It used to happen in response to embarrassingly obvious triggers: Watching Inception or anything Wachowskian. Listening to Elon Musk speculate that the odds we’re living in “base reality” are much, much, much less than any given person’s odds of being crushed by a meteorite. But it has also flared up from cues way subtler than those, such as when I’ve seen the same distinctive car in two different parts of town in the same day. Or noticed there appeared to be more, or fewer, people out and about than I’d anticipated.
For awhile, nearly anything that smacked of the mystical, conspiratorial, or simply coincidental seemed capable of awakening it: the sudden powerful sense that reality was no longer real. Officially called derealization, it’s a form of dissociation that, for me, has been one of the biggest challenges of living with schizophrenia. My symptoms have been mostly dormant for awhile now. But the coronavirus pandemic—with the widespread shuttering of businesses and cultural institutions, the paranoiac (and accurate!) sense that everyone is talking about the same thing all the time—is particularly disorienting for me.
It was 2017 when a doctor first confirmed that the auditory chatter, intrusive thoughts, visual hallucinations, and delusions I was experiencing added up to a form of schizophrenia. That same doctor also told me that “dissociation” was the name of the feeling I described as being like déjà vu, if déjà vu lasted much longer than it took an ice cream headache to fade. Always, it was as though once I spotted a minor potential flaw in reality, I was stuck viewing the whole institution as a sham until the intense, visceral skepticism chose to move along. It was evidence-resistant It ate logic for breakfast. Still, for the most part, with the help of my doctor, I eventually got it under control.
I have thought about my doctor several times over the past week or so. Whether she’s conducting sessions in a hazmat suit. Whether she’s in greater demand than ever before. Because it doesn’t require having a lifelong psychotic disorder to feel like the parameters of reality aren’t quite lining up right now.
I wondered how the psychology industry was faring as the NBA declared indefinite suspension. As Disney closed its kingdoms, something Elsa once swore Arendelle would never do again. As grocery stores were stripped hurricane-bare while the sky outside remained a cloudless blue. As schools were cleaned by biohazard teams at night. Then closed, indefinitely—a word that made its rounds in announcements but never dimmed in impact. It sounded intimidating and dramatic to me, every single time. Next in-house dining at restaurants starting closing, indefinitely. We tend to be no better at wrapping our minds around indefinitely than around the concept of nonexistence or the number of atoms that could fit inside a single bottle of rationed disinfectant.
It all feels too on-the-nose, too obvious, too dreamlike, too coordinated in its strangeness.

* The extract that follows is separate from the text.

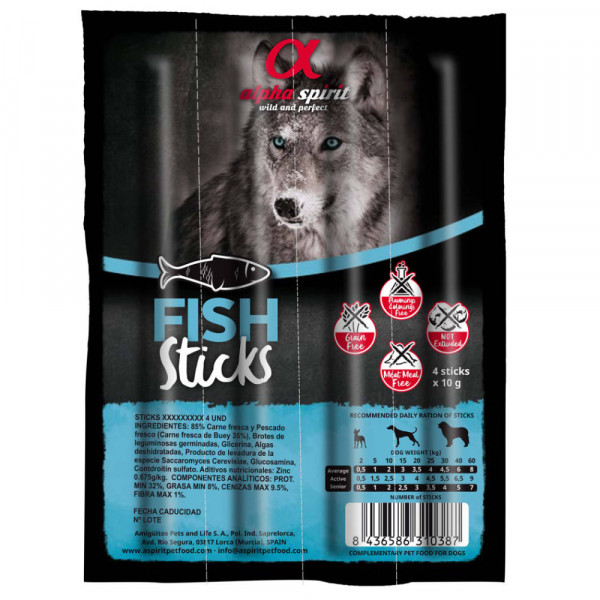 Alpha Spirit Fish Sticks 40g - czteropak paluszków ryba 40 g - przysmak dla psa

I imagine that right now my doctor is booked solid, and I hope she is. She can help people make peace with the fact of society being paused and the unknown reigning, indefinitely. As for me, I have the lessons I learned from her tucked away. I still know how to recognize the beginning of a derealization episode, which, yes, I’d certainly hoped I was done with. But at least I knew what to expect when it started up this time, in response to seeing movie productions and libraries and Starbucks close shop. I knew what to expect when the initial impression arose: that all of this was too on-the-nose, too obvious, too cinematic or dreamlike, too coordinated in its strangeness.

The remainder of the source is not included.